I just saw this light this morning on solarforce-sales.com. I'm liking the non-crenelated bezel and the forward clicky. Thanks for the pics!


----------



## Zeruel (Jul 1, 2011)

*Re: Solarforce L2T - latest in the L2 series*

Tempting.....

Does the cigar ring come like that? Seems to be installed wrongly in the marketing pictures.


----------



## old4570 (Jul 1, 2011)

*Re: Solarforce L2T - latest in the L2 series*

I think it just depends on who put it on ? 
But this one is the same way as on the Solarforce web site [ not sales ] 

I dare say it comes of easy enough if you want it the other way around .


----------



## don.gwapo (Jul 1, 2011)

*Re: Solarforce L2T - latest in the L2 series*

How's the look without the rubber grip ring?

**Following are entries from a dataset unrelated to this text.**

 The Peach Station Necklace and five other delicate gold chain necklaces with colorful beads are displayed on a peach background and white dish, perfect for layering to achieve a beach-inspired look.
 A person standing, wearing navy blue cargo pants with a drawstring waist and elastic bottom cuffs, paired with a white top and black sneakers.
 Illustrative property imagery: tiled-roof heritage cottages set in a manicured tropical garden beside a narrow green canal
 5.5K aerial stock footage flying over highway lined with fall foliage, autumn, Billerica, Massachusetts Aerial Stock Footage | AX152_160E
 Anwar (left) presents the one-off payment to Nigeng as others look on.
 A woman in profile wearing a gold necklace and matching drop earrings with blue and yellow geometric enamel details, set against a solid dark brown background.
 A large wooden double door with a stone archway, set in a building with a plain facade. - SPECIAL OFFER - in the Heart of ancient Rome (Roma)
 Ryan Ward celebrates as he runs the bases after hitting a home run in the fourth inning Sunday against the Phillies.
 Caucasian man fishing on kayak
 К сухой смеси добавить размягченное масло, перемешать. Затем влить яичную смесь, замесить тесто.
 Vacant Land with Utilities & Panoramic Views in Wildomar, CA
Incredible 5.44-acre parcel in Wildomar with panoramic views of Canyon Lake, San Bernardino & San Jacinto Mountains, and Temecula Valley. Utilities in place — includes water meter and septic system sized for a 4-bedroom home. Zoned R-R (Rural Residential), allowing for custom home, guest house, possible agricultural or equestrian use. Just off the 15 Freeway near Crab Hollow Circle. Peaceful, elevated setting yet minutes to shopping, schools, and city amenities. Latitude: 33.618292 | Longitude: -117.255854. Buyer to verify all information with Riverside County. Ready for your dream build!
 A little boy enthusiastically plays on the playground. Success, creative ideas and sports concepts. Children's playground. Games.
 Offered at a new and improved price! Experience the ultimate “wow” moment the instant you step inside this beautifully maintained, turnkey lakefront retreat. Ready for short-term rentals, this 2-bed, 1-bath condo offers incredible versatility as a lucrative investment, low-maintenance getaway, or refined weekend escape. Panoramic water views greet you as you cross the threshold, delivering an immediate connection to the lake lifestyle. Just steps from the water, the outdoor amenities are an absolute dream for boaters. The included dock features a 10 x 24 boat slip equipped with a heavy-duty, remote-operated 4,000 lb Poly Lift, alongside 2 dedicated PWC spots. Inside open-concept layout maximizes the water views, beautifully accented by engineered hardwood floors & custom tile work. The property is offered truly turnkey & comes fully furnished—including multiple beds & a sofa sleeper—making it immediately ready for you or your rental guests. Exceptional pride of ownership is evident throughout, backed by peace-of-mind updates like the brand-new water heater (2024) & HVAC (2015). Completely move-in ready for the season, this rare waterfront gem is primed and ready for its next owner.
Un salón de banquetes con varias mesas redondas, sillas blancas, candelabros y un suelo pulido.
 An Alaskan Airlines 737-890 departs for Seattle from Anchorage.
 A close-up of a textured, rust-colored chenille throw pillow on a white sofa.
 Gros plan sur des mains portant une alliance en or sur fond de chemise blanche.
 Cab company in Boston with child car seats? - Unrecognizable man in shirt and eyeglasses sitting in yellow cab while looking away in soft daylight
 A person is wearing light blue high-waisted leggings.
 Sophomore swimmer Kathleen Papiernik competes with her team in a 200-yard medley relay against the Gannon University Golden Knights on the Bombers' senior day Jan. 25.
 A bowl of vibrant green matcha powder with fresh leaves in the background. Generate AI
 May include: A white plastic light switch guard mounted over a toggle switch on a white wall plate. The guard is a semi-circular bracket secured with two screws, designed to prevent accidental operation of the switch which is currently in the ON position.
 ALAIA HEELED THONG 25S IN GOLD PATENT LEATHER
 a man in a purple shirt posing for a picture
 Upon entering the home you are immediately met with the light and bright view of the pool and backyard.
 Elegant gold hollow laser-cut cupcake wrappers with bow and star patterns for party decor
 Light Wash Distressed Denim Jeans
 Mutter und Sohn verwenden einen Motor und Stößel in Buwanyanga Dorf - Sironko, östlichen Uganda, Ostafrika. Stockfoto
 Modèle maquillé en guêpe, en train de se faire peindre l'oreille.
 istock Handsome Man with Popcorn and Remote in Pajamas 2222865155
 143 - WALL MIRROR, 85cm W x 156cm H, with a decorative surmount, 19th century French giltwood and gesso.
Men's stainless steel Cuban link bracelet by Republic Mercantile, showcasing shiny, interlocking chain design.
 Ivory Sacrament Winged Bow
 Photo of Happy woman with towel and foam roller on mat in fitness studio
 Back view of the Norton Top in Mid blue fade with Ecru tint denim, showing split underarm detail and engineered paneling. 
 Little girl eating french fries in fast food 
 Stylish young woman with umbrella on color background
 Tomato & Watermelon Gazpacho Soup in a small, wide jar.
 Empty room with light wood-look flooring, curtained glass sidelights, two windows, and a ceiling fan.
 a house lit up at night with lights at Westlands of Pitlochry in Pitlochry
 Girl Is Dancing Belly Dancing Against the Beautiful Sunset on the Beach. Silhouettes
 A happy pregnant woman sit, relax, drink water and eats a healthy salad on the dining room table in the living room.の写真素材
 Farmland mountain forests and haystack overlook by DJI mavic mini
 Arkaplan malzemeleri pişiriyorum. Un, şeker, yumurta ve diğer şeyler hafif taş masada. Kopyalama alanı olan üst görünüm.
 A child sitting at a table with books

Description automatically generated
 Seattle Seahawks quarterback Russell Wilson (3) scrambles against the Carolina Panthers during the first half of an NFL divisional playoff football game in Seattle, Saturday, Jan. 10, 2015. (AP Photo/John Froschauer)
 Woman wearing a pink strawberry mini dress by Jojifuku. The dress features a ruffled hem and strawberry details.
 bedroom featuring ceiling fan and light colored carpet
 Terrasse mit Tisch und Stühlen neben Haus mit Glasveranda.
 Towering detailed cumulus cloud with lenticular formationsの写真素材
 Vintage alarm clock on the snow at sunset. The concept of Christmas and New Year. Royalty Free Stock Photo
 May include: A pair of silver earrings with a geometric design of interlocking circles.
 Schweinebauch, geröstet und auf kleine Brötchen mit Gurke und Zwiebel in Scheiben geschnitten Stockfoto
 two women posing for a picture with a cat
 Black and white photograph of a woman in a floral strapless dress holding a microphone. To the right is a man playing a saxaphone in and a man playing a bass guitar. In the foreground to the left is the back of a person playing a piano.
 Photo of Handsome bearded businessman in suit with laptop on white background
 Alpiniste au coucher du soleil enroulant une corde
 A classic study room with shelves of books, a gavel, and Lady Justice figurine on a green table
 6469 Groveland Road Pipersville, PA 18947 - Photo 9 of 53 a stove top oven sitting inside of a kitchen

I'm waiting for their US distributors to have them in stock.


----------



## old4570 (Jul 1, 2011)

*Re: Solarforce L2T - latest in the L2 series*






Less rubber grip rings , there are two , the cigar ring and a spacer . But here is the naked body .


----------



## houtex (Jul 1, 2011)

*Re: Solarforce L2T - latest in the L2 series*

What about the anodizing? It was never clear to me if it was HA or not.


----------



## jake25 (Jul 1, 2011)

*Re: Solarforce L2T - latest in the L2 series*

Type II. Not HA


----------



## AaronG (Jul 1, 2011)

*Re: Solarforce L2T - latest in the L2 series*

The matte finish looks good. Too bad it's not HA. I'd love to see that head design on the L2P 

Another job well done by Solarforce :thumbsup:


----------



## shipwreck (Jul 1, 2011)

*Re: Solarforce L2T - latest in the L2 series*

Great post and pics!


----------



## don.gwapo (Jul 1, 2011)

*Re: Solarforce L2T - latest in the L2 series*



old4570 said:


> Left to Right = Stock L2 with SS bezel , L2P and then the L2T .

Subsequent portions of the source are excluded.